**DATA SEGMENT:**
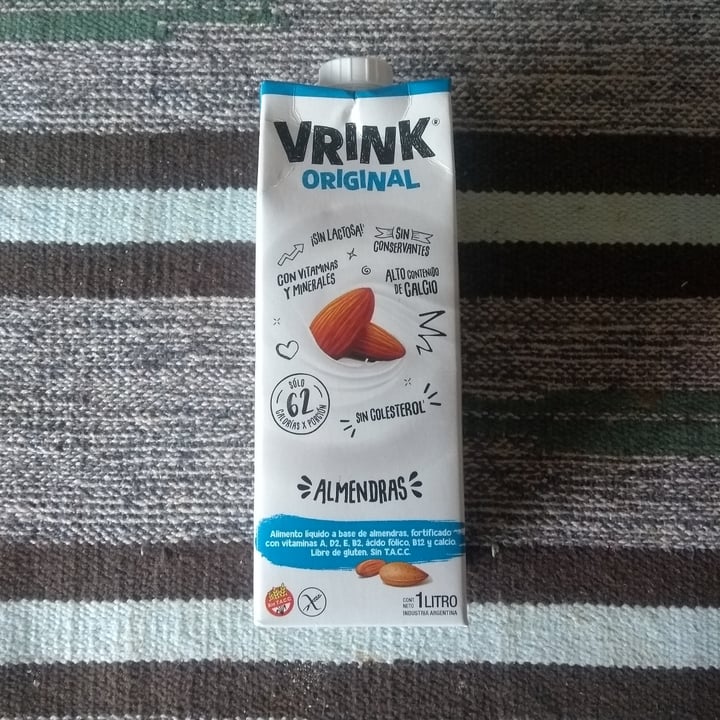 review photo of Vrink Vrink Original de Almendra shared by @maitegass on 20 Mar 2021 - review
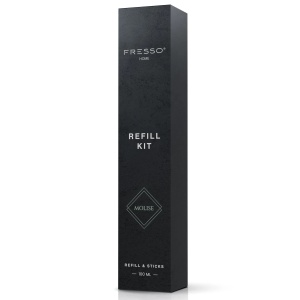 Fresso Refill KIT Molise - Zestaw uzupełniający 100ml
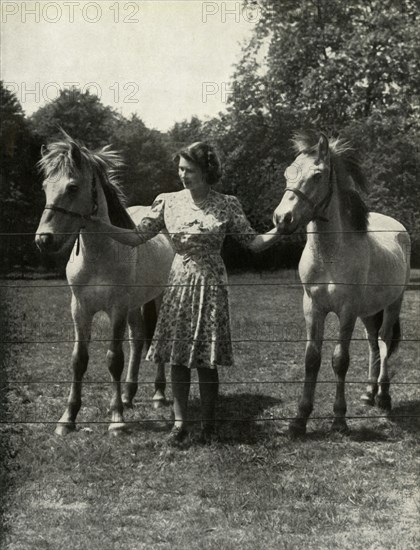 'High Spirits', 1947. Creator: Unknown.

**TASK INSTRUCTIONS:**
Copy out the whole listing exactly. Skip its pictures.

**OUTPUT OF THE EXERCISE:**
 review photo of Vrink Vrink Original de Almendra shared by @maitegass on 20 Mar 2021 - review
 Fresso Refill KIT Molise - Zestaw uzupełniający 100ml
 'High Spirits', 1947. Creator: Unknown.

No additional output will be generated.